■ Task to carry out: Your task is to copy the lines from the line containing "4 Bedrooms -Seneca" through the end of the listing below, both included, without any pictures.

■ Data segment:
○ ○ ○ ○
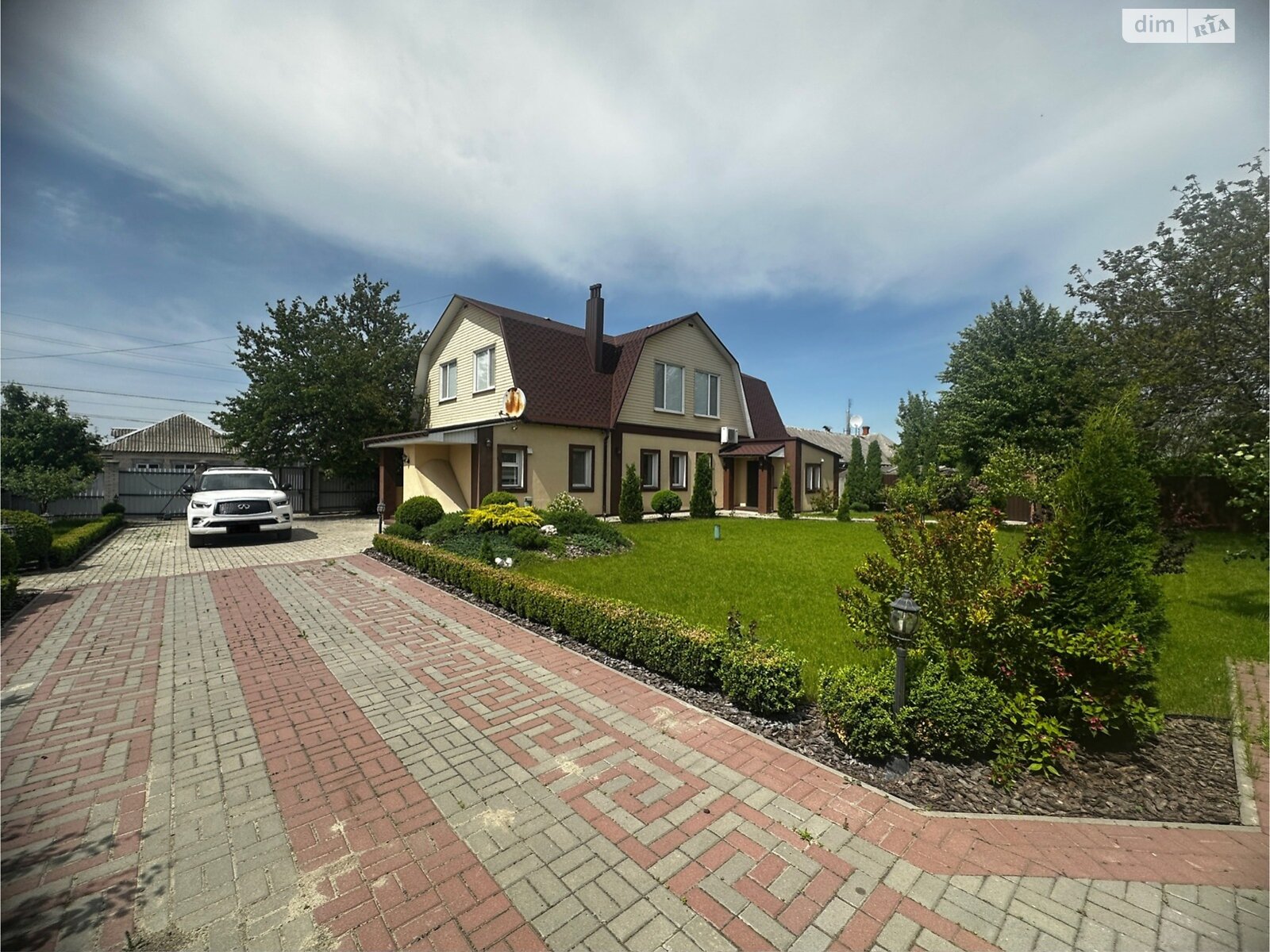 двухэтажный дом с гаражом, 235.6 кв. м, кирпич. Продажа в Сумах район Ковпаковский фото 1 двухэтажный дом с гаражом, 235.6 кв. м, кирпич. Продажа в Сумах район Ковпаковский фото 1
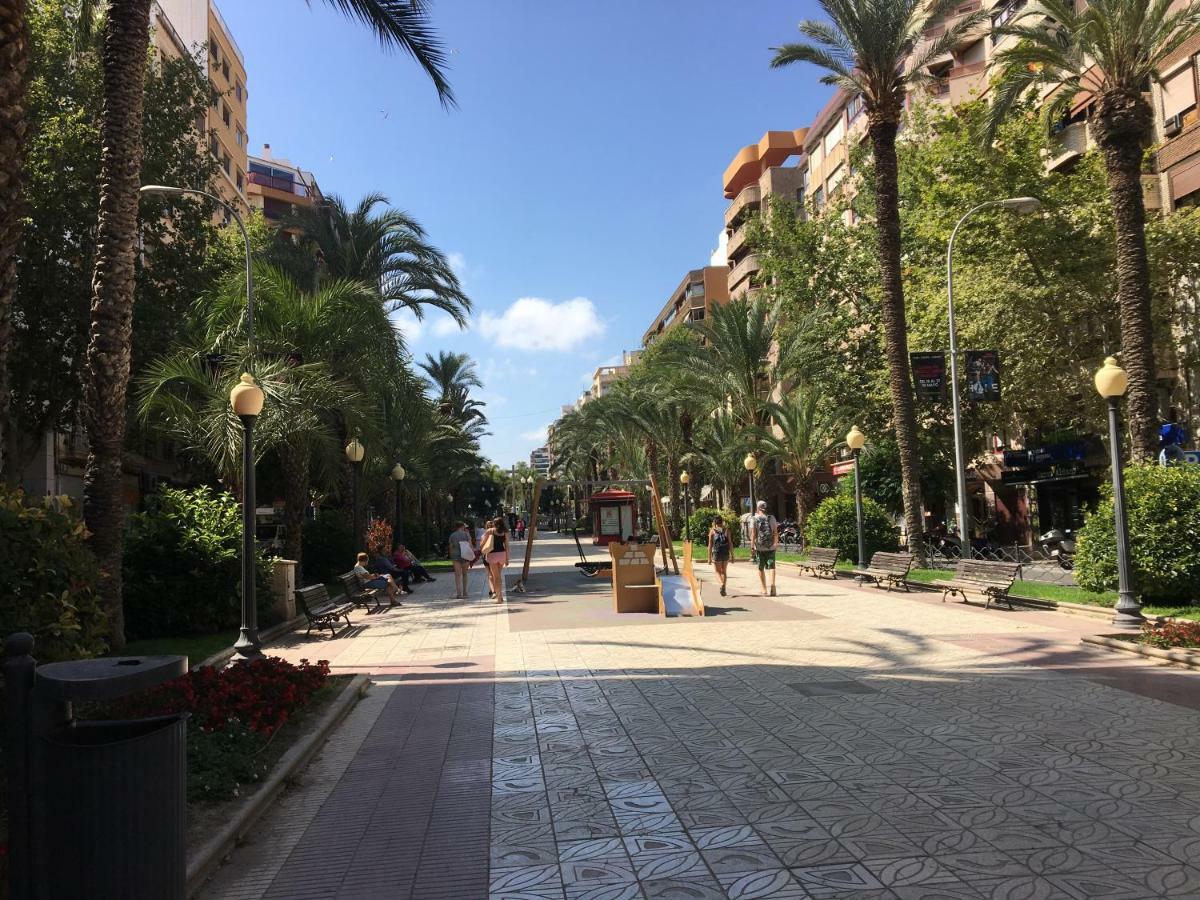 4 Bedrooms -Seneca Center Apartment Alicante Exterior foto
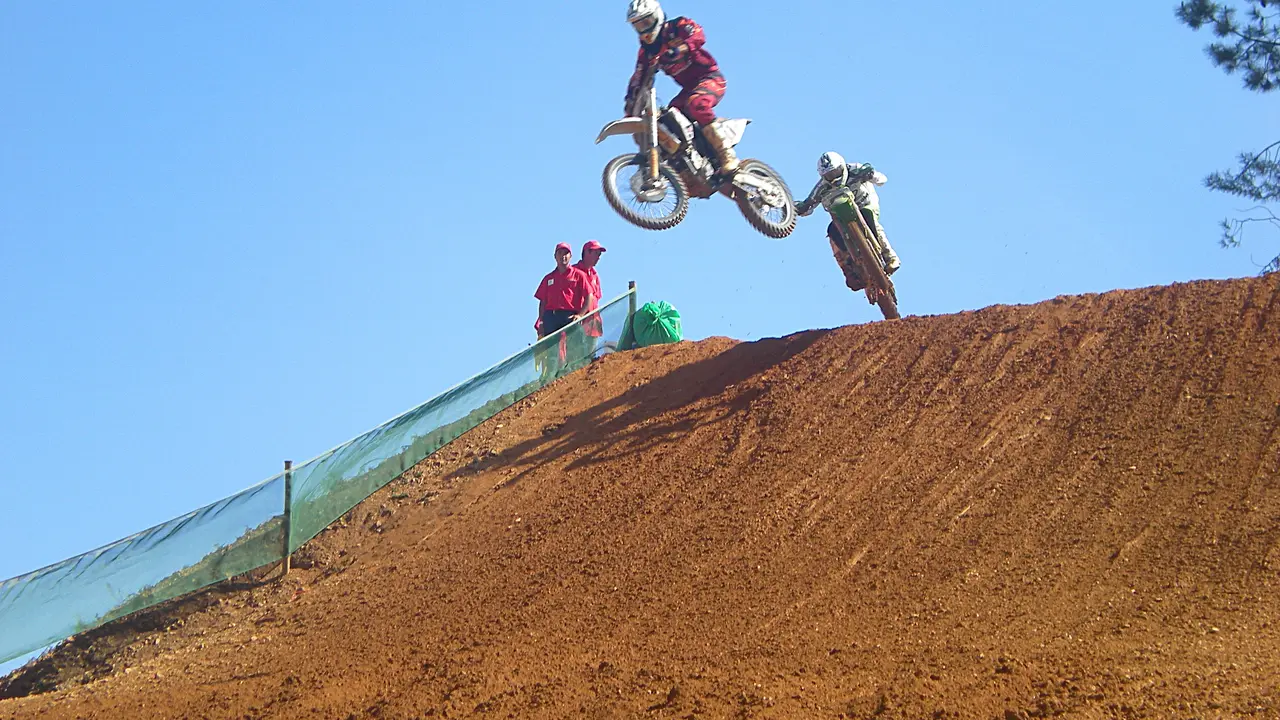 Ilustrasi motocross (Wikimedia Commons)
○ ○ ○ ○
■ Answer to this task:
 4 Bedrooms -Seneca Center Apartment Alicante Exterior foto
 Ilustrasi motocross (Wikimedia Commons)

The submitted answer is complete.